It is known (Carburants et Moteurs, J. C. Guibet, Edition Technip, Volume 1 (1987)) that the chemical nature of the olefins contained in gasolines contributes greatly to the octane number of said gasolines. The olefins can for this reason be classified into two distinct categories:
The purpose of the present invention is to produce, from a gasoline cut having from 4 to 15 carbon atoms, and preferably from 4 to 11 carbon atoms, a gasoline cut with an improved octane number relative to that of the starting cut, and a gasoline cut with a cetane number at least equal to 35, and preferably greater than 45.
Moreover, the effluents originating from the processes for converting more or less heavy atmospheric distillation residues, or crude oil under vacuum, such as, for example the gasoline cuts originating from the fluidized-bed catalytic cracking (FCC) process, have an olefins content generally comprised between 10 and 80%.
Said effluents feature in the composition of commercial gasolines at a level of 20 to 40% depending on geographical origin (27% in Western Europe and 36% in the USA).
It is probable that, within the framework of protection of the environment, standards relating to commercial gasolines will, in the years to come, be geared towards an increasingly stringent reduction in the olefins content allowed in said gasolines.

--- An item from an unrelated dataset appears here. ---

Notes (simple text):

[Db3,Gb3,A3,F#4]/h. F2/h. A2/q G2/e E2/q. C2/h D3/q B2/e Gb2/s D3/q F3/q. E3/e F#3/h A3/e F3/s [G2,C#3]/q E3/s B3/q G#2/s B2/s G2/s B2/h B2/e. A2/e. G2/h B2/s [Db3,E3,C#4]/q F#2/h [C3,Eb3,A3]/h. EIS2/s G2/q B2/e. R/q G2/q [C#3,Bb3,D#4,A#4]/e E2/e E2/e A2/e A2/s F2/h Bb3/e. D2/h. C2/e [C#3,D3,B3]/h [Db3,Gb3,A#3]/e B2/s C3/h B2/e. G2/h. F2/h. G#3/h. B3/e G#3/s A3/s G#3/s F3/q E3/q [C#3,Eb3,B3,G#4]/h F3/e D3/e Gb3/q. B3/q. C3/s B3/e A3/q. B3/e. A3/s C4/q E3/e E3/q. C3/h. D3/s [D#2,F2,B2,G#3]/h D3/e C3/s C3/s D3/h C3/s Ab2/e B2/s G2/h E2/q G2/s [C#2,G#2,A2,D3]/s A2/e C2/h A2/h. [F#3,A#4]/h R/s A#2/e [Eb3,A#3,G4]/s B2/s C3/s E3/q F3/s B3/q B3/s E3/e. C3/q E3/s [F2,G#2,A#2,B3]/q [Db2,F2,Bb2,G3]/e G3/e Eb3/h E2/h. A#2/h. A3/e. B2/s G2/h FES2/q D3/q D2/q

From the different points above, it follows that the production of gasolines with a low level of olefins, but preserving an acceptable octane number, can be achieved only by selecting as a base for gasoline, exclusively or in very high proportions, branched olefins with a high octane number.
One of the aims of the present invention is to separate the linear olefins from the branched olefins of an initial gasoline charge.

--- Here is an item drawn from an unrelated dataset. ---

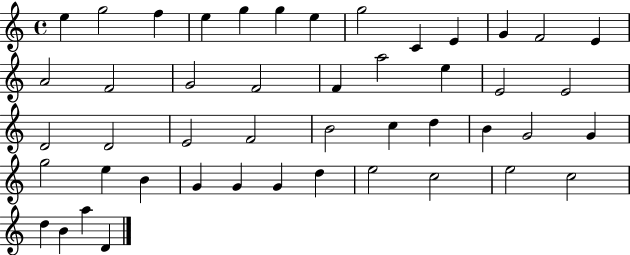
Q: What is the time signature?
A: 4/4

Another aim of the present invention is to provide a solution allowing increased flexibility of management of the products originating in the refinery.
More precisely, the use of the present process can advantageously make it possible to modulate the gasoline/gas oil proportions obtained leaving the refinery, depending on market requirements.

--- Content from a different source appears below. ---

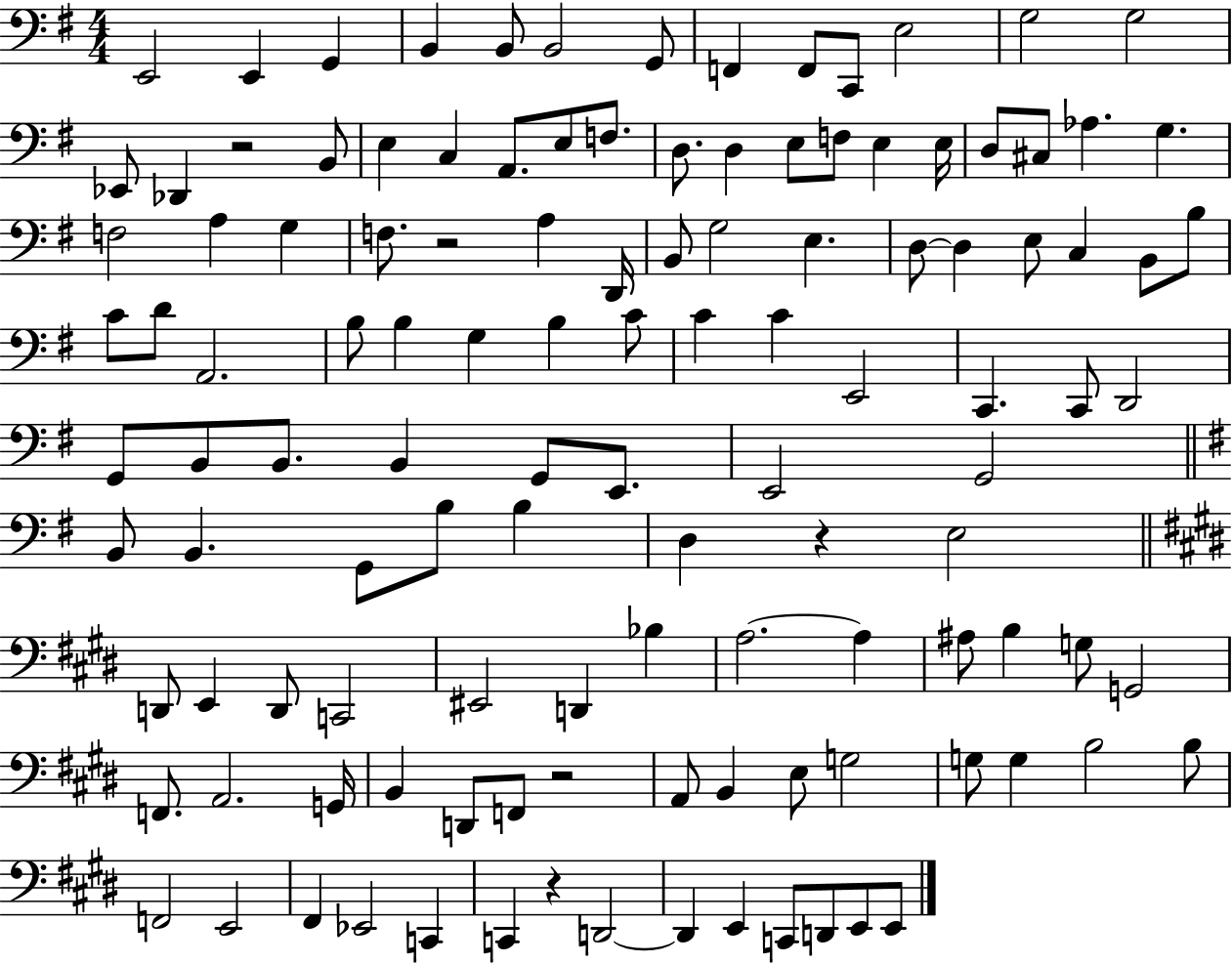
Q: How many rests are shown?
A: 5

Different processes for conversion of olefins making it possible to increase their octane number are known.
For example, there can be mentioned aliphatic alkylation between paraffins and olefins in order to produce gasoline cuts with a high octane number. This process can use mineral acids such as sulphuric acid (Symposium on Hydrogen Transfer in Hydrocarbon Processing, 208th National Meeting, American Chemical Society—August 1994), catalysts soluble in a solvent (EP 0714871) or heterogeneous catalysts (U.S. Pat. No. 4,956,518).
By way of example, the processes of adding alkenes possessing between 2 and 5 carbon atoms to isobutane make it possible to produce highly branched molecules possessing between 7 and 9 carbon atoms, and in general characterized by high octane numbers.
Other conversion processes are known, implementing branched olefin etherification processes, such as for example those described in the patents U.S. Pat. No. 5,633,416 and EP 0451989. These processes make it possible to produce MTBE (methyl tertio butyl ether), ETBE (ethyl tertio butyl ether) and TAME (tertio amyl methyl ether) type ethers, compounds well known for improving the octane number of gasolines.
According to a third route, the oligomerization processes, essentially based on the dimerization and trimerization of light olefins generally originating from the catalytic cracking process and possessing between 2 and 4 carbon atoms, allow the production of gasoline cuts or distillates.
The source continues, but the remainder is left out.